Australia, Sept. 3 -- New South Wales Land and Environment Court issued text of the following judgement on Aug. 4:

1. By Further Amended Originating Process filed in Court with leave on 29 July 2025, the Plaintiff, Ms Vittoria Marques (to whom I will refer, without any disrespect, as "Vittoria") seeks an order under s 175 of the Corporations Act 2001 (Cth) ("Act") that the share register of C&V Engineering Co Pty Ltd ("CVE") be corrected to record the members of CVE as being Vittoria and the Defendants, Ms Antonella Pizzolato and Mr Mario Pizzolato (to whom I will refer, without any disrespect, as "Antonella" and "Mario") holding 200 ordinary shares as tenants in common in equal shares. Vittoria also seeks an order under 175 of the Act that the share register of Pizzolato Nominees Pty Ltd ("PNP") be corrected to record the members as Vittoria, Antonella and Mario as tenants in common in equal shares as to two ordinary shares, with Antonella and Mario also each holding an additional one ordinary share in PNP.

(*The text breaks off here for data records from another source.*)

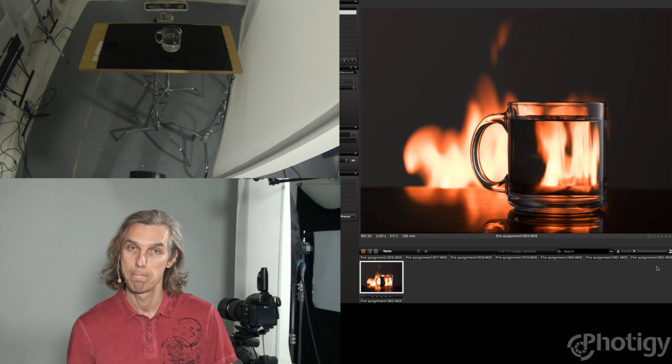So in two weeks, I'll meet you guys online talking about your shots. This was Alex Koloskov from Photigy.com. Bye!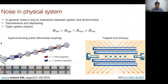When talking about noise in physical systems, different systems have their own noise problems. Noise is usually due to interactions between the system and its environment, causing decoherence and dephasing. To fully understand how noise affects physical systems, we go into the regime of open quantum system physics.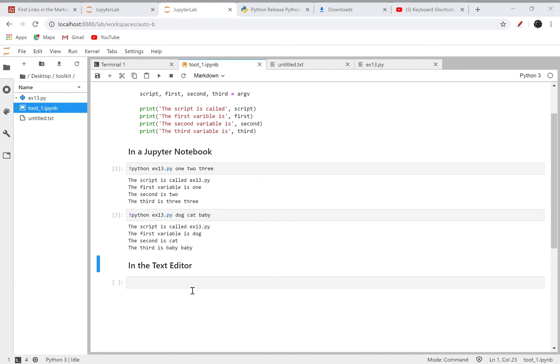And there we go, same idea. So I can just change those arguments and I'll see a different output in my terminal. Okay, so that's it.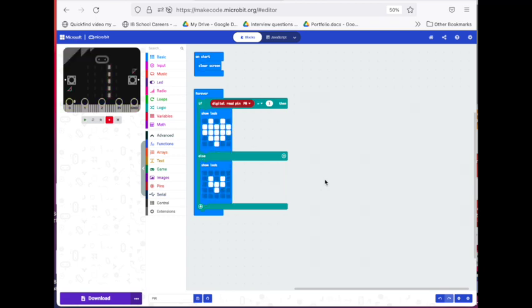And finally, just like that, our program is pretty much completed. So then we are ready to download it and to add it to our micro bit.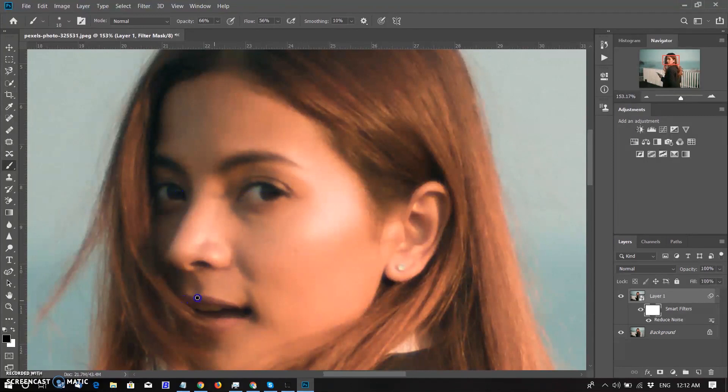Brush on the lips and brush on the earrings. Before using brush and after using brush.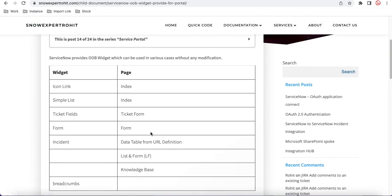In the table, the left side has the widget names and the right side has the pages. The first widget I'm going to talk about is the Icon Link. The reason we should use out-of-box widgets is that ServiceNow upgrades them over time, so you get better benefits without customization. It's not always possible to use out-of-box, but today we'll talk about the very useful ones.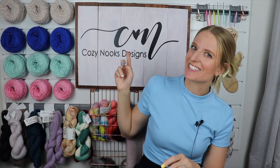Hey friends, Rachel Alford here from Cozy Nooks Designs. Today we're going to go over how to make a crochet color work chart or graph using Stitch Fiddle.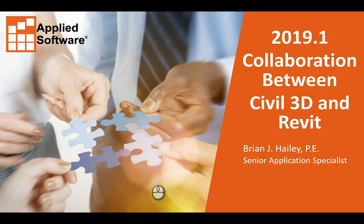Once again, my name is Brian Haley with Applied Software, and this has been Collaborating Between Revit and Civil 3D using the 2019.1 updates. Thank you for watching.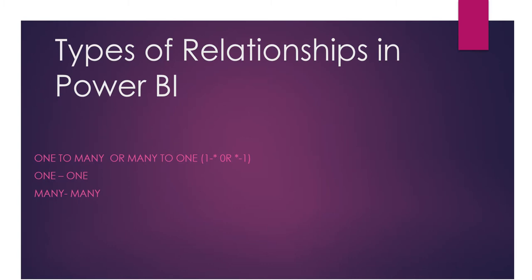In the previous video, we talked about what is the relationship in Power BI and why the importance of the relationship in Power BI. Power BI relationship is very important.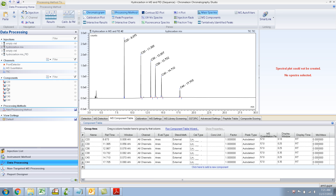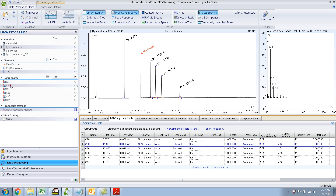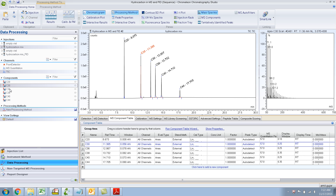If you look closely, it shows a picture of a molecule. And right beside that you will see a red exclamation mark right now. So let's hover around one of them. If I click on this and hover around: 'Component detected, confirmation failed because the reference peak could not be found.' And 'Component not found in quantitation trace.'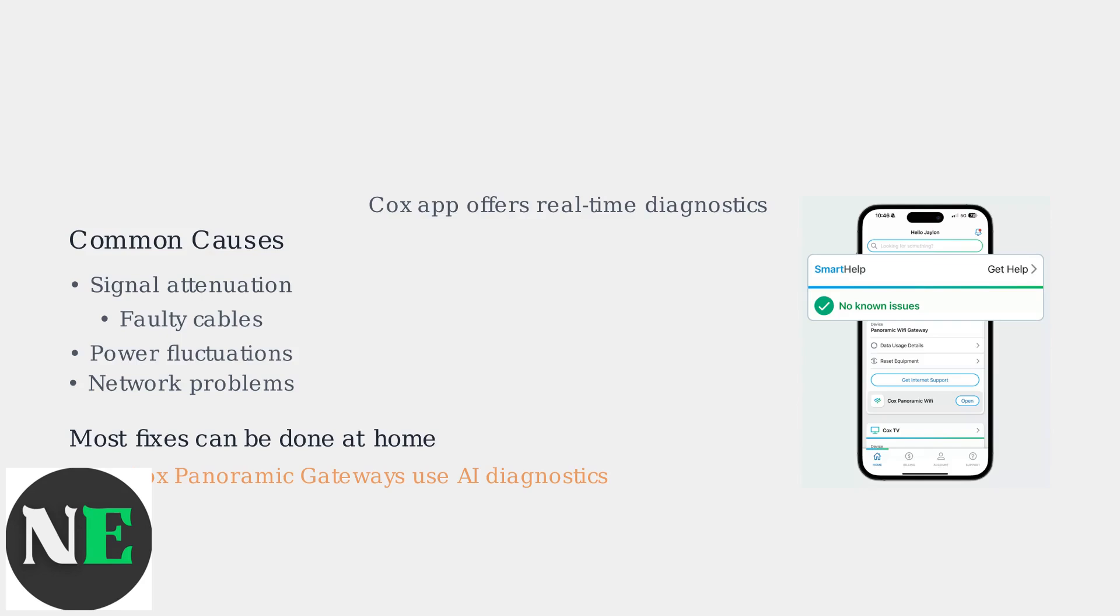The newest Cox panoramic Wi-Fi gateways leverage AI diagnostics to predict and solve these issues. The Cox mobile app and web portal now offer real-time diagnostics, making troubleshooting easier.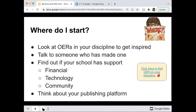One of the things that scares us is where to start. My pointers: first, look at OERs in your discipline to get inspired — see what people are putting out there, from simple to elaborate. Then talk to someone who has made OERs because they can give you good ideas. Find out if your school has support, both financial and technological. And find your community — find other people who are doing it, come together, and share stories and ideas.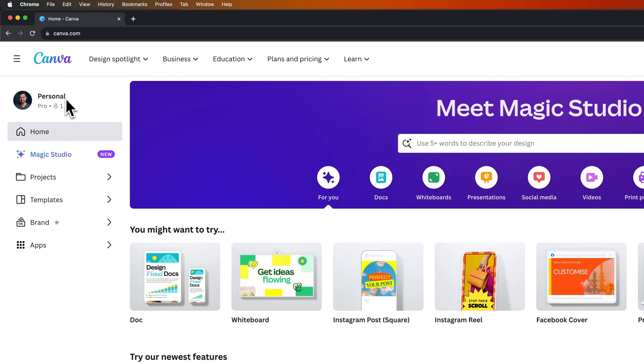So we see that this is a personal membership and it's pro, which means it's Canva Pro.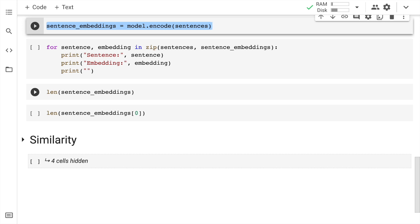Now the model has been downloaded. We have the sentences ready. The next thing that we have to do is encode the sentences using the model. So let me go forward and call the function encode and pass in the sentences.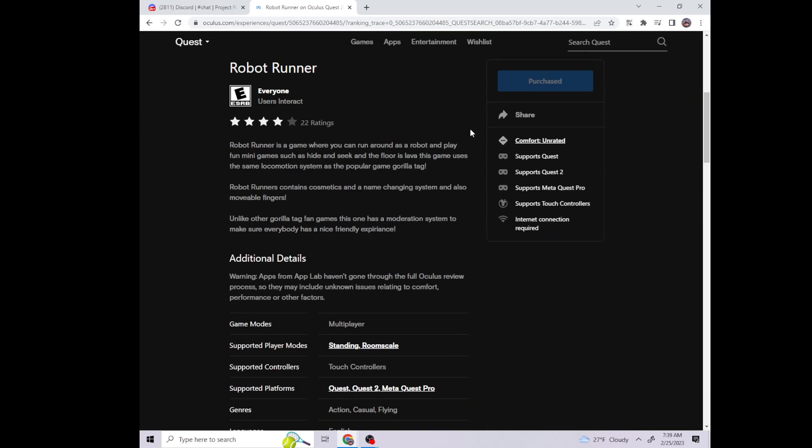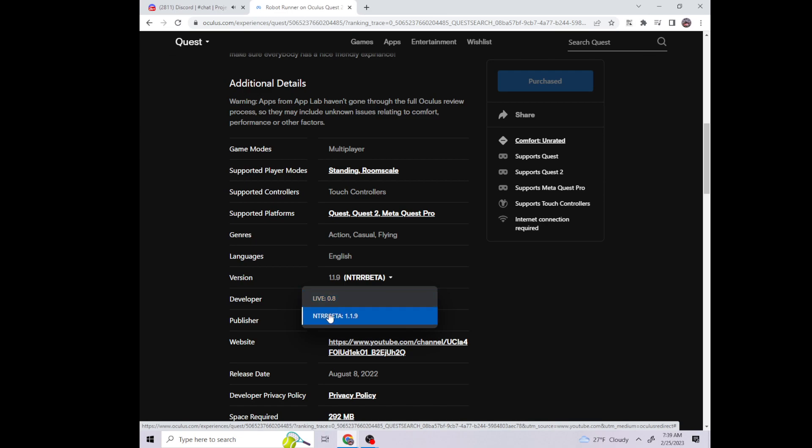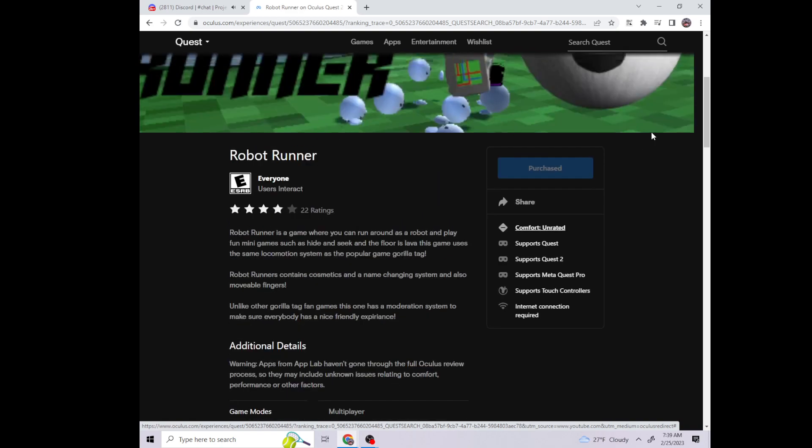But then you wanna come down here, click this. It will be on this—you wanna switch it to this. Go back on your Quest and then do it. And you have to be signed in.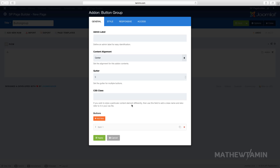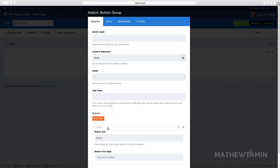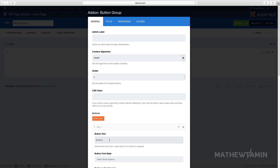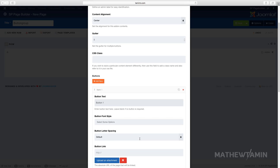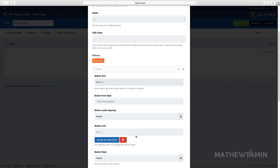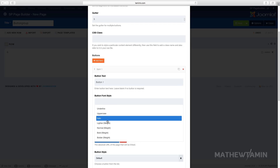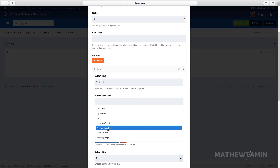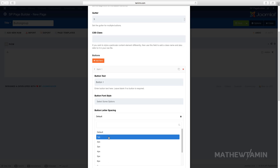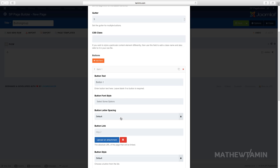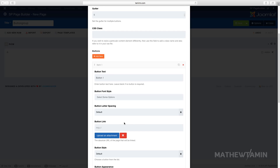You can have buttons next to each other. The first one here, let's call this one 'Button One.' When you scroll down you'll notice that you have different styles you can click on, so feel free to play with that and choose the one you want. I'll leave the default, and you can choose the button spacing — the letter spacing between the button and the text.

2. The parties proceeded on the basis that, as recorded in records maintained by the Australian Securities & Investments Commission ("ASIC"), Mario now holds 200 ordinary shares in CVE (Ex J1, CB 967), which were previously held by the late Mrs Carmela Pizzolato (to whom I will refer, without any disrespect, as "Carmela"), who was the mother of Vittoria, Antonella, and Mario; Antonella holds one and Mario holds three ordinary shares in PNP, two of which were previously held by Carmela (Ex J1, CB 976-977). No transfer of the shares was produced by the Defendants, in response to a notice to produce, although minutes of a board meeting referring to such a transfer were produced. It is not necessary to decide whether the 200 ordinary shares in CVE or the two ordinary shares in PNP were validly transferred or transmitted to Mario from Carmela's estate, in accordance with Pt 7.11 Div 2 of the Act and its requirements, as reviewed in Maertin v Klaus Maertin Pty Ltd (2006) 57 ACSR 714; [2006] NSWSC 588 at [20]ff and Re Khoury Taxation Servies Pty Ltd [2025] NSWSC 568 at [30]ff. I am content to adopt the common assumption made by the parties, where its correctness will make no difference to whether an order should now be made rectifying the share registers of the companies, and it is common ground between the parties that the orders sought by Vittoria should be made if the three defences now pressed by the Defendants are not established.

3. It is also common ground that the Court has jurisdiction to make the orders sought by Vittoria under s 175 of the Act. I summarised the scope of that section in Re Mogul Stud Pty Ltd [2012] NSWSC 1639 at [7] as follows:

"... that section does not itself confer a power to create a register, but assumes that the Court already has such a power at general law: Peninsula Gold Pty Ltd v Sunbeam Victa Holdings Ltd (1966) 20 ACSR 553 14 ACLC 1089 at 1094. In the well known decision of Grant v John Grant & Sons Pty Ltd (1950) 82 CLR 1 at 51, Fullagar J pointed to the discretionary character of the power to order rectification of the register and to the fact that in equity warranty rectification would prima facie be established if a person's name was wrongly included or omitted from the register; the same principle is plainly applicable where, rather than the person's name being omitted, the number of shares attributed to that person is incorrectly recorded, so as to impose a disadvantage on that person or on other shareholders. The principles of rectification at general law are relevant, and those draw attention to where the position as recorded in a document reflects the common subjective intention of the parties: Franklins Pty Ltd v Metcash Trading Ltd [2009] NSWCA 407; (2009) 76 NSWLR 603 at [444] and following."